April 2011 // Volume 49 // Number 2 // Ideas at Work // v49-2iw2
Implementing and Assessing 4-H Educational Activity Kits for Children
Educational activity kits were developed and implemented through a statewide effort for 4-H Youth Development Extension programs serving 5-8 year-old children. The purpose of the kits was to promote life skills in children and assess the learning environment. Data was collected based on the observations of 577 children across 22 counties. Findings indicated life skills of subject matter knowledge, getting along with others, and decision-making were enhanced through activity kits. While contextual elements for positive youth development were present for: positive relationships with caring adults, opportunities for mastery/competence, emotionally and physically safe environment, and opportunities for engagement of learning.
Introduction and Program Description
Through a statewide assessment of a Midwestern state's 4-H professionals, a majority (79%) identified, "developing educational activity kits" as a priority for programs serving 5-8 year-old children, often referred to as 4-H Cloverbuds. As a result, three 4-H activity kits were developed in 2006. The kits focused on three lessons (Food Fun, Science of Sound, and Our Country) selected from the state's 4-H Cloverbud Curriculum—Series II. Each kit contained educational materials and was available for volunteers to access from their county Extension office. Materials associated with each kit were:
- Food Fun—American Dairy Assoc. food models, educational game, My Pyramid poster, My Pyramid lesson plans, songs, food intake log, and children's book
- The Science of Sound—CD with sound clips, sound matching activity, homemade pipe chimes, sheet music, and sound experiments
- Our Country—Floor puzzle, patriotic songs, book, game, U.S. & 4-H flag set, 3' X 5' U.S. flag, flag folding lesson, and 4-H pledge activity
The purpose of the study reported here was to determine if the activity kits attributed to the program goals of enhancing life skills (Scheer, 1997) in an environment (contextual elements) that promotes positive youth development (Astroth, 2000).

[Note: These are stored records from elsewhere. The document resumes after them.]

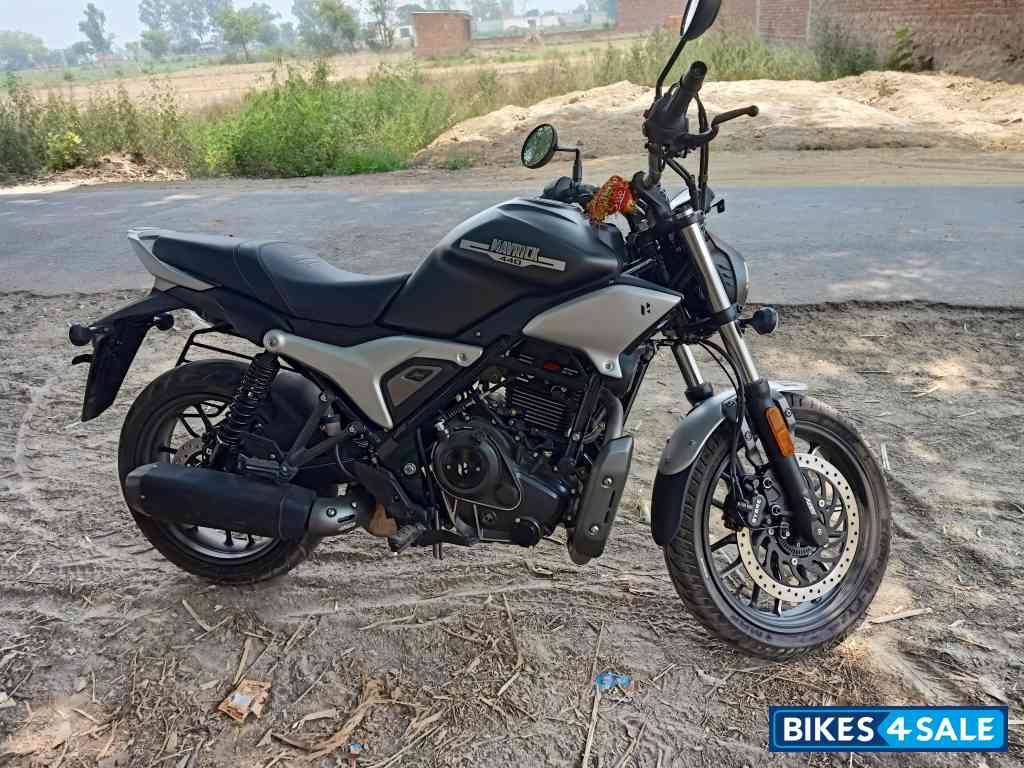 Matt Black Hero Mavrick 440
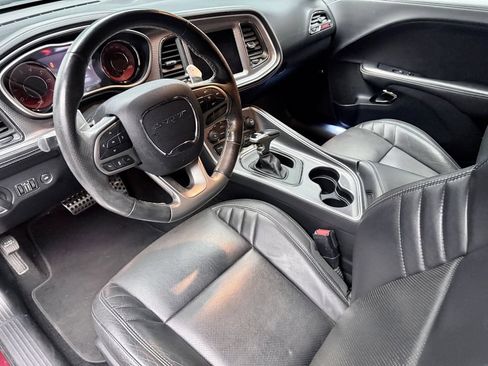 Used 2020 Dodge Challenger SRT Hellcat w/ Plus Package RWD image 9
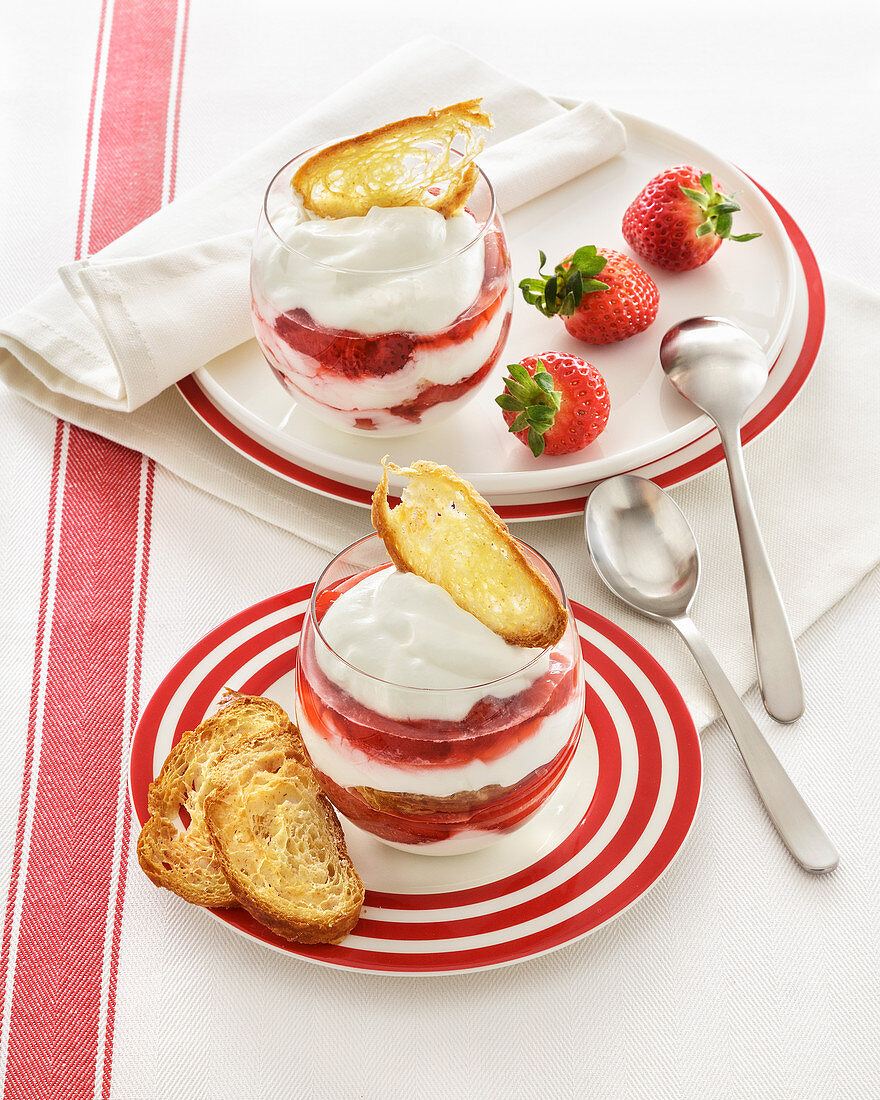 Erdbeer-Joghurt-Dessert mit Röst-Croissant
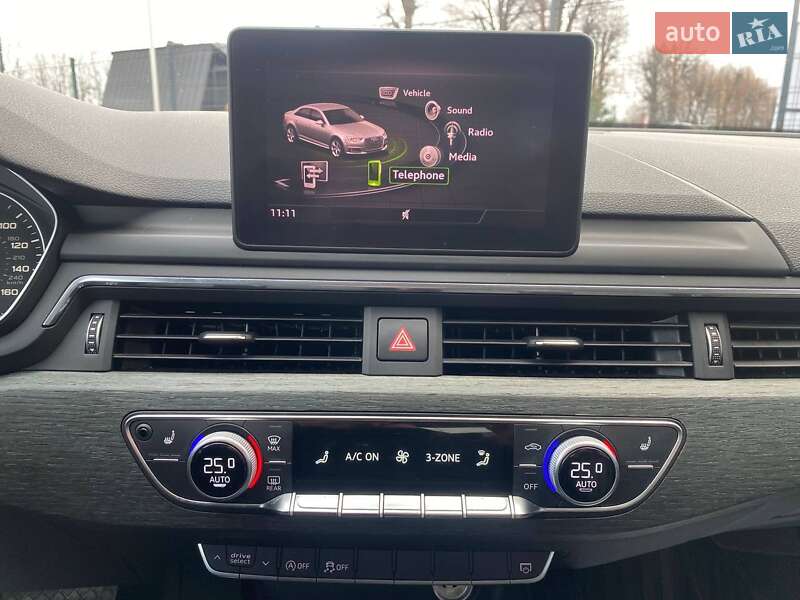 Седан Audi A4 2017 в Виннице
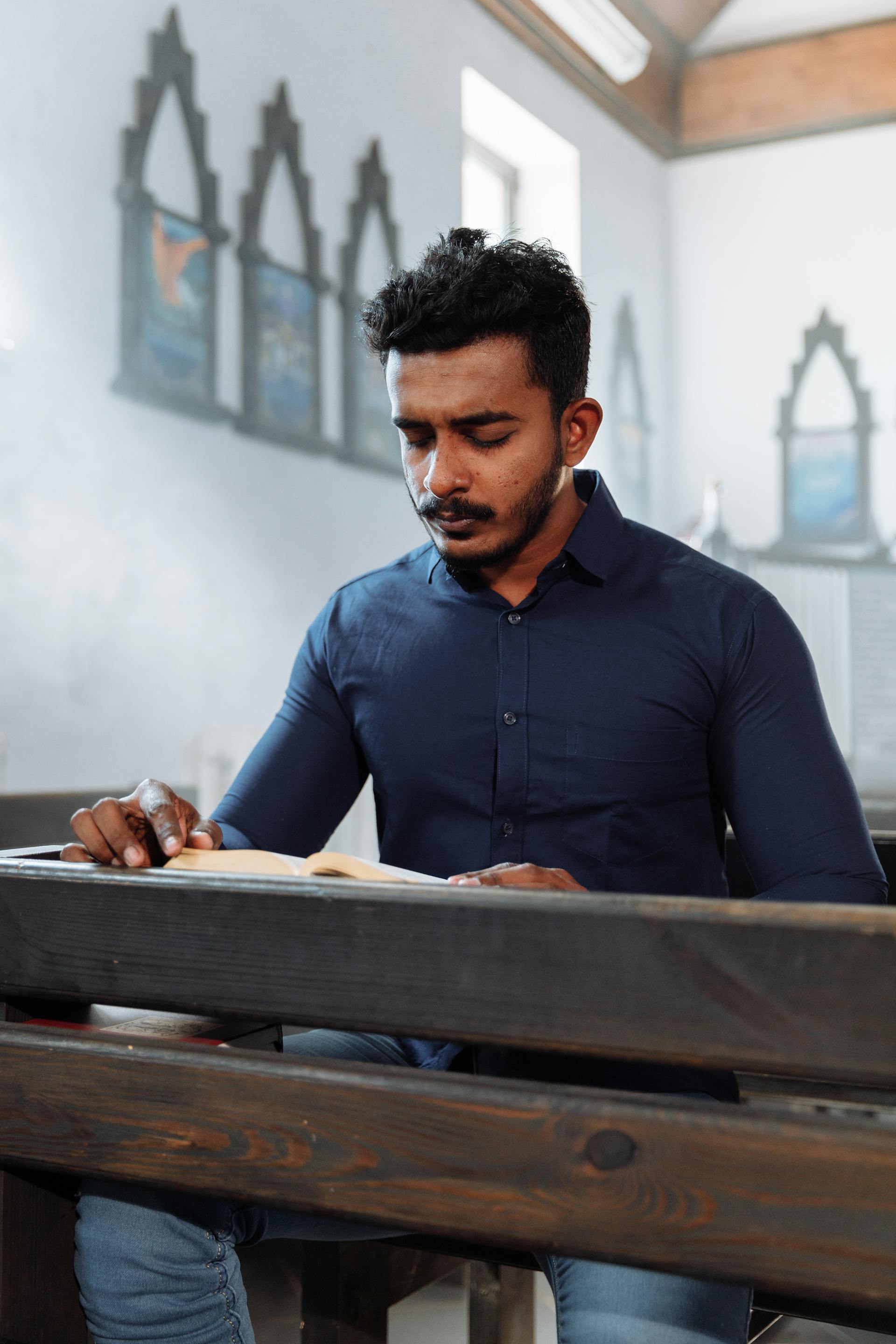A man reading the Bible | Source: Pexels
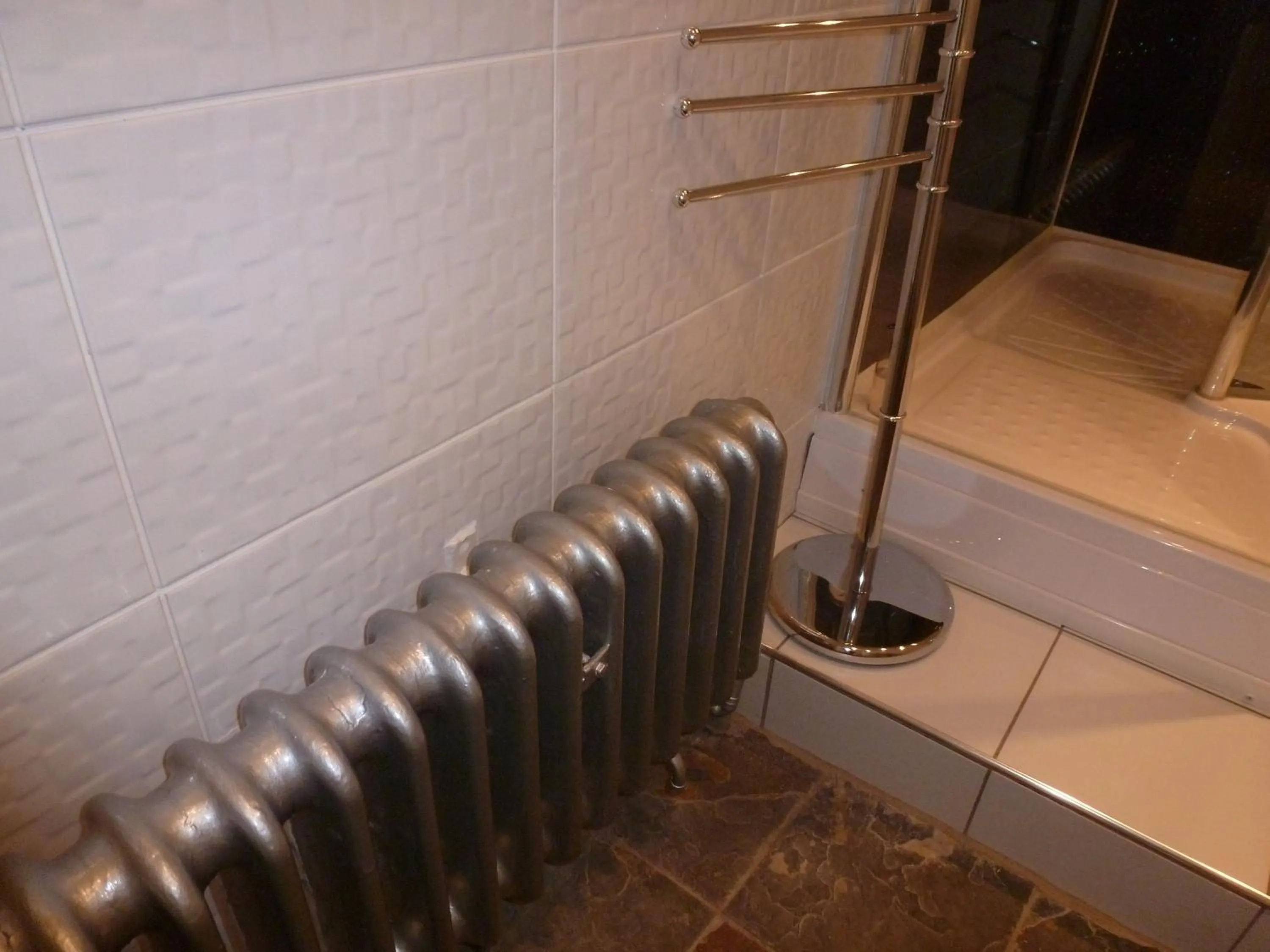 Bathroom in Hedgefield House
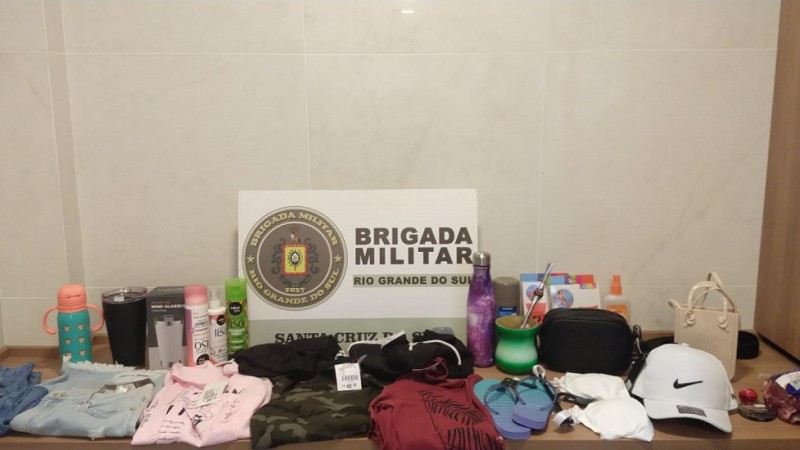 Na tarde desta segunda-feira (12/12) às 12h30, foi realizada a prisão de duas mulheres no centro de Santa Cruz do Sul, em ação conjunta do policiamento e a equipe de inteligência do 23° Batalhão de Polícia Militar.
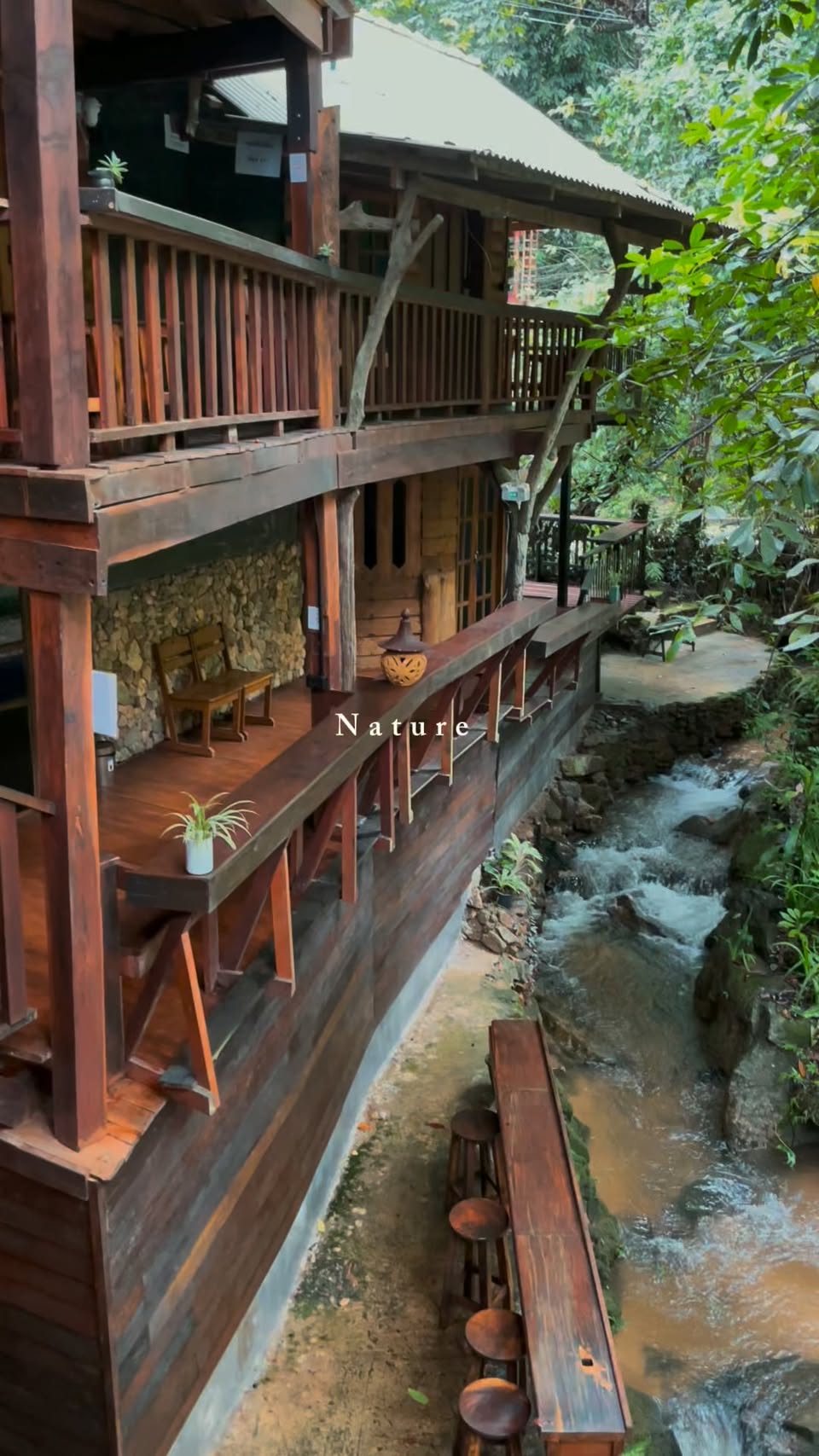 Mae Kam Pong: A Tranquil Village Retreat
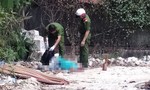 Người đàn ông chết trong bãi đất trống ven Sài Gòn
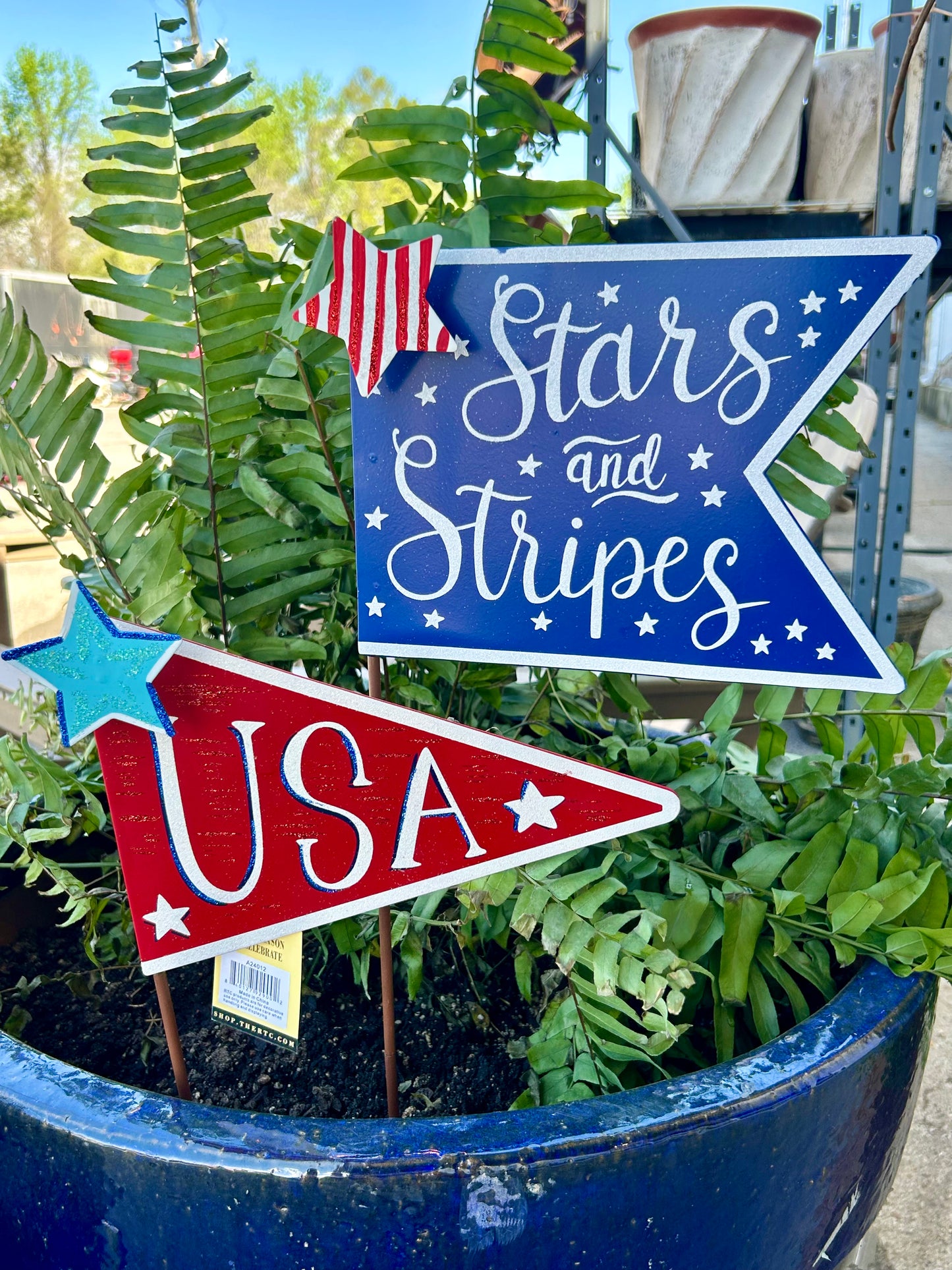 Set Of 2 USA And Stars Stripes Pennants Sign Stakes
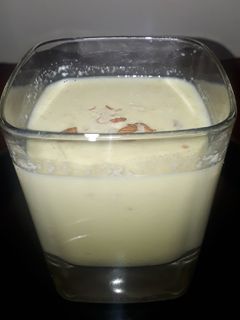 बदाम मिल्क शेक (badam milkshake recipe in marathi) रेसिपी चे मुख्य फोटो 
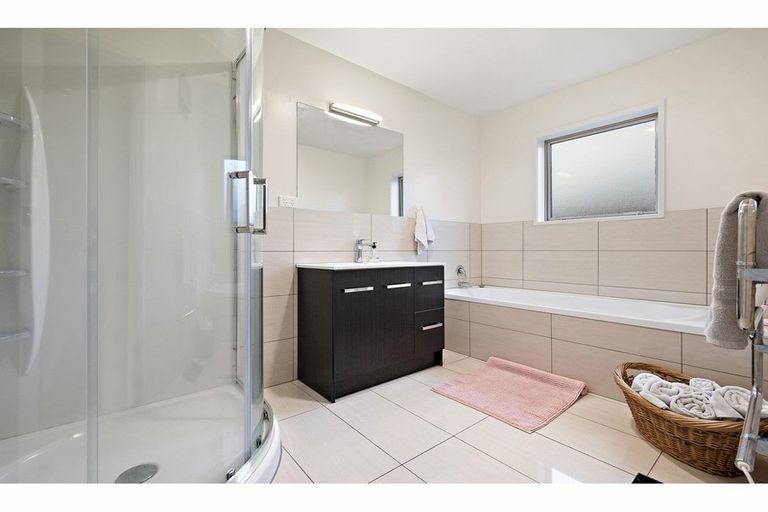 Photo of property in 15 Little Oaks Drive, Yaldhurst, Christchurch, 8042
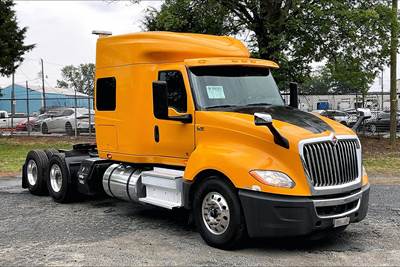 International LT625 Sleeper Semi Truck - 73" Hi Rise Sleeper, Cummins 450HP, 12 Speed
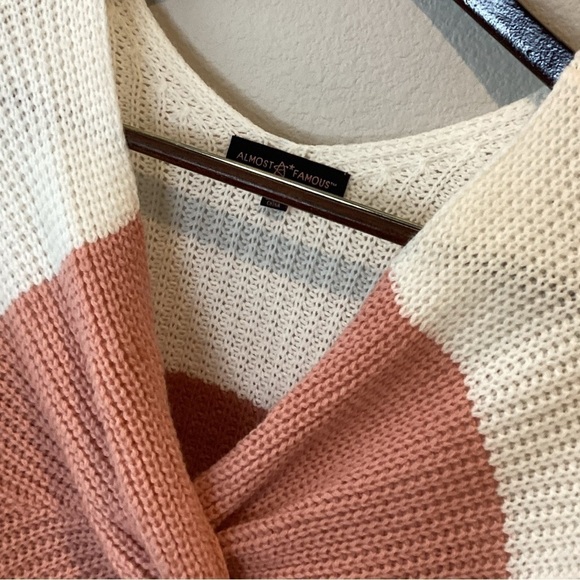 Almost Famous Twist Front Sweater Size M Cream Coral - Picture 6 of 9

These activity kits and others that are part of Ohio's 4-H Cloverbud program can be viewed in greater detail through at <http://www.ohio4h.org/youth/cloverbud/cloverbudresources.html#7>. Information through this link includes list of kit contents, kit evaluation, curriculum piece, activity tools, and additional resources.
All of the state's counties (88) and other sites throughout the state received the three 4-H Cloverbud kits: Fun with Food, Science of Sound, and My Country at a statewide volunteer conference. An observational data collection instrument was completed by adult volunteers who worked directly with participating children. It consisted of seven quantitative (see results for specific items) and two qualitative questions.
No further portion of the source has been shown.